### [YOUR INSTRUCTIONS]
For the entries below, the result should be an exact transcription of the lines from the one with "springendes Känguru" up to and including the one with "Estantería de 3", and only those.

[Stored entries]
:::::
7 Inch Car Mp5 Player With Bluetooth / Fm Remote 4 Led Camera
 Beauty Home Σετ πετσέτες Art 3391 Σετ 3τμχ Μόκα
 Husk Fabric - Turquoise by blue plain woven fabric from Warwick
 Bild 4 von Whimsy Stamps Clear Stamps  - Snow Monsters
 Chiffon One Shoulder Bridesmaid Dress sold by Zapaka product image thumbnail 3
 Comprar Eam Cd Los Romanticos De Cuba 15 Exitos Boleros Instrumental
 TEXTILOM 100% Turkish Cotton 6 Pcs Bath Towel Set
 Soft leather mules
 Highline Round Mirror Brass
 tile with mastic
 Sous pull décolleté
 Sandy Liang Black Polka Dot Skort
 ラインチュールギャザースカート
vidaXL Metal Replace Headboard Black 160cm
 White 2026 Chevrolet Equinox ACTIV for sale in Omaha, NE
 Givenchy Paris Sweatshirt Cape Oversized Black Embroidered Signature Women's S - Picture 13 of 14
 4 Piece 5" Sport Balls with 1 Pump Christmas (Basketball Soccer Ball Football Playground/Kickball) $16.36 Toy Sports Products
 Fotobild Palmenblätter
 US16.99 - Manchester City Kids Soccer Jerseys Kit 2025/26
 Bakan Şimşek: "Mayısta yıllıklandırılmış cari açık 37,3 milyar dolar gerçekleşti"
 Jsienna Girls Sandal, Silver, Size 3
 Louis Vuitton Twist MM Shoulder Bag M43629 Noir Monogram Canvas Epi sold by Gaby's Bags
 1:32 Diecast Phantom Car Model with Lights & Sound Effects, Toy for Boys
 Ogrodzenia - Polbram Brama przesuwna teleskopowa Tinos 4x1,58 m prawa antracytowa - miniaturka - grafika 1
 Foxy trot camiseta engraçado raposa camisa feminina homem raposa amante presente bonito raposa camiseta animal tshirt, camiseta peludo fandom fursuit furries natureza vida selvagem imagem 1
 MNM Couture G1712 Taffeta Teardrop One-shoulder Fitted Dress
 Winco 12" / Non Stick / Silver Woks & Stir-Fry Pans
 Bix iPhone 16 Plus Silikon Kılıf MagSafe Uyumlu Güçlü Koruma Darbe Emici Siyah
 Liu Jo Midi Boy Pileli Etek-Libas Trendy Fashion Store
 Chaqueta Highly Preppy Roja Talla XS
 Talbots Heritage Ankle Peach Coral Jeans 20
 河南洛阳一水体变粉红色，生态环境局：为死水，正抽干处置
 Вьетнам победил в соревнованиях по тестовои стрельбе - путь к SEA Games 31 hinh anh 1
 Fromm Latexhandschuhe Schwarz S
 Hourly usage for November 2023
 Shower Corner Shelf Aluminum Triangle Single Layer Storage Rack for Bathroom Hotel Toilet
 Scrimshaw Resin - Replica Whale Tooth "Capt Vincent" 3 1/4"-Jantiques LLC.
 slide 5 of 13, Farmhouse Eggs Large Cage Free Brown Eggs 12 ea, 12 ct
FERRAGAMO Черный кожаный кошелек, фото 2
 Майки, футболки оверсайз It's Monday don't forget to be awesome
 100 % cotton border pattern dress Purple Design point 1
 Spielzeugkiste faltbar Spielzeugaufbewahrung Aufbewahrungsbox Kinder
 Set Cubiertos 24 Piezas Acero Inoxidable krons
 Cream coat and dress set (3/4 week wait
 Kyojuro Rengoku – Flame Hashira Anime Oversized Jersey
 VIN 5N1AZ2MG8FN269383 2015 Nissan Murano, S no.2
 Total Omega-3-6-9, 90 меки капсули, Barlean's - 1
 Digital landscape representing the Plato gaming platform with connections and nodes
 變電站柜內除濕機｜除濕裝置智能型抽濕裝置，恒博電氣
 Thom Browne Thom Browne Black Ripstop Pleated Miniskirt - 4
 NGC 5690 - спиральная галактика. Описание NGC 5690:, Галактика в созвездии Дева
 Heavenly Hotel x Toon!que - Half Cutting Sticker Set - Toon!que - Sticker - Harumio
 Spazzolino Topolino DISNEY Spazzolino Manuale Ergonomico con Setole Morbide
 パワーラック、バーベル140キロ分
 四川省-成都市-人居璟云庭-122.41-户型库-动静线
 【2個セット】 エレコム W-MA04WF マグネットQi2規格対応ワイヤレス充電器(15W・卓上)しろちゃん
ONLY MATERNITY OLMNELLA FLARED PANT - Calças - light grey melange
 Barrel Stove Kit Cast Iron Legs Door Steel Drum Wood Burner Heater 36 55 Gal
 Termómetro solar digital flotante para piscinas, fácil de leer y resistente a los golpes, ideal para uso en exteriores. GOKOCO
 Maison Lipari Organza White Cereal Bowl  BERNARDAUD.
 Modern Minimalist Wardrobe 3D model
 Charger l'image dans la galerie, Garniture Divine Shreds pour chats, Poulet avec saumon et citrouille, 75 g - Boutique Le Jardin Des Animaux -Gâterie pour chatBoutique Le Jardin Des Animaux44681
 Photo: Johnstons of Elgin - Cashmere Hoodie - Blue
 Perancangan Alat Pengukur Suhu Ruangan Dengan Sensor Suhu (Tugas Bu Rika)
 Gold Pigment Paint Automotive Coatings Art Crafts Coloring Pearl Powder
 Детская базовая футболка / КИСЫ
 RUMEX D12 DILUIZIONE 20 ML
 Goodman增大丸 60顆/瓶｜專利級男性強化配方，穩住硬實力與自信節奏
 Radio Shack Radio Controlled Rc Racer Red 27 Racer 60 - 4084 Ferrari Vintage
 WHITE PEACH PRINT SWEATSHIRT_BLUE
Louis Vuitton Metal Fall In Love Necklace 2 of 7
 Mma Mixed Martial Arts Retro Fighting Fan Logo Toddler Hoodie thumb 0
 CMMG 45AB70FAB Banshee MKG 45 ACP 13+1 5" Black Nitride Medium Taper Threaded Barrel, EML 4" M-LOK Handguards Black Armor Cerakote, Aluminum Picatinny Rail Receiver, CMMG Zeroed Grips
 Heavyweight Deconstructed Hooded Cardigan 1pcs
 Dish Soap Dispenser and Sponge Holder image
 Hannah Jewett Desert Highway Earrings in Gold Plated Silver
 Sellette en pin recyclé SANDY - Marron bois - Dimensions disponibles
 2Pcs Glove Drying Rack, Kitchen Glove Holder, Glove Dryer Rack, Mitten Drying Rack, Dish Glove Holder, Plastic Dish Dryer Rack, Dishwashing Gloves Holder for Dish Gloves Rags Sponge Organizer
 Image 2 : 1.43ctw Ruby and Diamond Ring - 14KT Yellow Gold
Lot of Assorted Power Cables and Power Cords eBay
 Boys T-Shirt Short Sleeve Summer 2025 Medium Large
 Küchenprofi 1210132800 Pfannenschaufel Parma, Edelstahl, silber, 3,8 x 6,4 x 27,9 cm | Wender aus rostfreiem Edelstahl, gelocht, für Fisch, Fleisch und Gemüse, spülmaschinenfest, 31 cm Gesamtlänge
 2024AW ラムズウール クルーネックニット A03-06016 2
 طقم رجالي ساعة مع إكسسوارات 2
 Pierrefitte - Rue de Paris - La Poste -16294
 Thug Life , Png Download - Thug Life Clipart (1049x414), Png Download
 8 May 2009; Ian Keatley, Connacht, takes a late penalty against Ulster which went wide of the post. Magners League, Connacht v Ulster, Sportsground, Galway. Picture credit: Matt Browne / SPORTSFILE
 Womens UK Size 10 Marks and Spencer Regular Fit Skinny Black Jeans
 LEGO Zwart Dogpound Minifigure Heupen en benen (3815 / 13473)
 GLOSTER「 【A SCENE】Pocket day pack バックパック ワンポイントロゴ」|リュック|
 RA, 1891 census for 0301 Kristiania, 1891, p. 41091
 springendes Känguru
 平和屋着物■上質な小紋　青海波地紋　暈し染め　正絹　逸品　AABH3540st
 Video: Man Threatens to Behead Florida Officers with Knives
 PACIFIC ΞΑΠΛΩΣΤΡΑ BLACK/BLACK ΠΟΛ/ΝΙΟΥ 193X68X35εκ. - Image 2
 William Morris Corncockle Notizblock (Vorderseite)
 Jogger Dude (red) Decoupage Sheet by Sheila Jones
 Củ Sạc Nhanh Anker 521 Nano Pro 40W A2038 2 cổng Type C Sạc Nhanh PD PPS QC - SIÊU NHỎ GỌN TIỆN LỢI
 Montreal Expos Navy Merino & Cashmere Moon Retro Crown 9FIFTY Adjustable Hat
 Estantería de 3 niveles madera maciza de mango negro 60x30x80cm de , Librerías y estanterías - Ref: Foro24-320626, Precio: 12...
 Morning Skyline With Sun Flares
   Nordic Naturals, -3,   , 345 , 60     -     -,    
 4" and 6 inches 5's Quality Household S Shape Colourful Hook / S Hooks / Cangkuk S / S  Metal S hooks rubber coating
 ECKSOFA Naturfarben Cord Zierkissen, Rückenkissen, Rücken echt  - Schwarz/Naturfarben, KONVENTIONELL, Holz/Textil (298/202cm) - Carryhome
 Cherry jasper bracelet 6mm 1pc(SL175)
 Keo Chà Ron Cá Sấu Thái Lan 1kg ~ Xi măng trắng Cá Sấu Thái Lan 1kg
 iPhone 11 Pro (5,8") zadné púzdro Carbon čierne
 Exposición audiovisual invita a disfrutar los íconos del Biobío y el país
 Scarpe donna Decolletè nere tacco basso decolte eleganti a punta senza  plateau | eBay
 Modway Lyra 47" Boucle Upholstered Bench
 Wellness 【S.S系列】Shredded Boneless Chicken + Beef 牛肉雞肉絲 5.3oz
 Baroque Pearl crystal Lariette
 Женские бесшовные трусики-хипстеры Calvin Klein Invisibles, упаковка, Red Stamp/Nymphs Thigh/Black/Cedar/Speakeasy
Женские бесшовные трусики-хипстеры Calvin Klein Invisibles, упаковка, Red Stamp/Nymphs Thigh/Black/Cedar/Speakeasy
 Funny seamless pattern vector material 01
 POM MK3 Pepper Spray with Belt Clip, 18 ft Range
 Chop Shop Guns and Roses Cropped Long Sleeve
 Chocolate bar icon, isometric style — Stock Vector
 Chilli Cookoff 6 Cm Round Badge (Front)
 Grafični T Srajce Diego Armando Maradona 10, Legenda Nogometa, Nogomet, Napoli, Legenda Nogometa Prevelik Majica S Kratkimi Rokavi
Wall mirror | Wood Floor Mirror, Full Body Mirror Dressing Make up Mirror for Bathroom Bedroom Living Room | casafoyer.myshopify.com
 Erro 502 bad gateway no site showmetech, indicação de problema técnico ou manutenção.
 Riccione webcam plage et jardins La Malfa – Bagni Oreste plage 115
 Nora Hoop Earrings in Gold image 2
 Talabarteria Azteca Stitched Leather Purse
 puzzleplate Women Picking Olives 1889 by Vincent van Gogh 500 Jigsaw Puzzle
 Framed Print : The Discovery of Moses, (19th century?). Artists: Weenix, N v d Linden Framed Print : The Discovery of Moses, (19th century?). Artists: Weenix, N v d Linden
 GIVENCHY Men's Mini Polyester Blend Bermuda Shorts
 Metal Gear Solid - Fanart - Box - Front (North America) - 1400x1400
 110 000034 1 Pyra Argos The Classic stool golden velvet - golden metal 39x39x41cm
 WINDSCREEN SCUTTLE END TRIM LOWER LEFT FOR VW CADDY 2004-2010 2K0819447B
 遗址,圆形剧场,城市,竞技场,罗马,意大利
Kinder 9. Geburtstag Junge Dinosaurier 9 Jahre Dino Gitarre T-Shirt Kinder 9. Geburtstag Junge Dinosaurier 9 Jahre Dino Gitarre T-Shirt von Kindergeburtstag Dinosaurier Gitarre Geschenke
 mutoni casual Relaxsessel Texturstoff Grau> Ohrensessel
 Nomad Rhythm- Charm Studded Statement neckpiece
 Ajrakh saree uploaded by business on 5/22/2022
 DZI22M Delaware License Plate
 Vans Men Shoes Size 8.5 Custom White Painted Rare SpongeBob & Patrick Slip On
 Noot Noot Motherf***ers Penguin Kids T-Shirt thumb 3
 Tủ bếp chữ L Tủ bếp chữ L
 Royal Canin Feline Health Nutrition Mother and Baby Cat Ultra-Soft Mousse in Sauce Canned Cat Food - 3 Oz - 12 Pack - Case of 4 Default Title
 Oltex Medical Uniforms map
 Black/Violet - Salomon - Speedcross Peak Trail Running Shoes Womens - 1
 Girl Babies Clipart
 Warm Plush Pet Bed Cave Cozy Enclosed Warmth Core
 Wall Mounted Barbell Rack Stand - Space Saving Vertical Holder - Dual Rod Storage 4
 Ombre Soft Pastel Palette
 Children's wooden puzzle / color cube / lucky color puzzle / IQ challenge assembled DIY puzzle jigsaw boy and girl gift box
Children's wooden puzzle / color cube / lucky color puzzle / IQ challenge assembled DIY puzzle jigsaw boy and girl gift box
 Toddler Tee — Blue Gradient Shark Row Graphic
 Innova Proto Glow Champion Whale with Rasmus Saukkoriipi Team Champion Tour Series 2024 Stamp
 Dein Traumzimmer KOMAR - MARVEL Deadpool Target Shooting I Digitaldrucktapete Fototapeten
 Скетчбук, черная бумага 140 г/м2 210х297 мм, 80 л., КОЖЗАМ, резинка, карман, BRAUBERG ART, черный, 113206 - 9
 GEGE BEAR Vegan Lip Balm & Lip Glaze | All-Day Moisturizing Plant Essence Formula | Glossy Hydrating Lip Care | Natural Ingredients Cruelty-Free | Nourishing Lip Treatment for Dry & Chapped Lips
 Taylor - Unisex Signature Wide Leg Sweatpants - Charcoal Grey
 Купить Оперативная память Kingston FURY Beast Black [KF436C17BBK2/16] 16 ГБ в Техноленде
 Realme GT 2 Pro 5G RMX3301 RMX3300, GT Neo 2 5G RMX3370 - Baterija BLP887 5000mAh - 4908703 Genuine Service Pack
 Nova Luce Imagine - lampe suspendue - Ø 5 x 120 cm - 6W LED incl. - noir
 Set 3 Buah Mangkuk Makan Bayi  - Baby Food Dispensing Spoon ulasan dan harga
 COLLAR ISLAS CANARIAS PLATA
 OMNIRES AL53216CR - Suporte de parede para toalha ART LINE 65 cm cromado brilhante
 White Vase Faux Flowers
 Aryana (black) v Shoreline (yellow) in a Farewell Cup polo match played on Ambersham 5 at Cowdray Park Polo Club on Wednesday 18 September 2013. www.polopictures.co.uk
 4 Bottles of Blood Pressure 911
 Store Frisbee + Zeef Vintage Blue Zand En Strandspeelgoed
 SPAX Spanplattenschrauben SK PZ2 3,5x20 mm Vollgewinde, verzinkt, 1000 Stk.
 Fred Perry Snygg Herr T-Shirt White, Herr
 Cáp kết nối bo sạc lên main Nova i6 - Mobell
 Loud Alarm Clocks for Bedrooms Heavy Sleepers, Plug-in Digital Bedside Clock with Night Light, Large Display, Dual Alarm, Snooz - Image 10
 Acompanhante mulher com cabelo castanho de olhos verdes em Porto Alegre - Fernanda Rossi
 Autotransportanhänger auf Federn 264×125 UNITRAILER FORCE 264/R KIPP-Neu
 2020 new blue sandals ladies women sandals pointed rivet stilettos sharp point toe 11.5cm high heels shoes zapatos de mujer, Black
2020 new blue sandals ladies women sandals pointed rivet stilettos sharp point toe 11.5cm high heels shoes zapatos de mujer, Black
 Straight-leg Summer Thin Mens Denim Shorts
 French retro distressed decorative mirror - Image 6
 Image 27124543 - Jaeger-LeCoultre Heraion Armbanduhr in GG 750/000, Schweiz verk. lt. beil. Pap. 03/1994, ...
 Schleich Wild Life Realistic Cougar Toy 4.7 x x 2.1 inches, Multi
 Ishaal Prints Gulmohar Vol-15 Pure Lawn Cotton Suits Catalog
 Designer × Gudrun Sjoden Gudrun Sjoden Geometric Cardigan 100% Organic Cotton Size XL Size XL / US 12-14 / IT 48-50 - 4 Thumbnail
:::::
### [EXERCISE ANSWER]
 springendes Känguru
 平和屋着物■上質な小紋　青海波地紋　暈し染め　正絹　逸品　AABH3540st
 Video: Man Threatens to Behead Florida Officers with Knives
 PACIFIC ΞΑΠΛΩΣΤΡΑ BLACK/BLACK ΠΟΛ/ΝΙΟΥ 193X68X35εκ. - Image 2
 William Morris Corncockle Notizblock (Vorderseite)
 Jogger Dude (red) Decoupage Sheet by Sheila Jones
 Củ Sạc Nhanh Anker 521 Nano Pro 40W A2038 2 cổng Type C Sạc Nhanh PD PPS QC - SIÊU NHỎ GỌN TIỆN LỢI
 Montreal Expos Navy Merino & Cashmere Moon Retro Crown 9FIFTY Adjustable Hat
 Estantería de 3 niveles madera maciza de mango negro 60x30x80cm de , Librerías y estanterías - Ref: Foro24-320626, Precio: 12...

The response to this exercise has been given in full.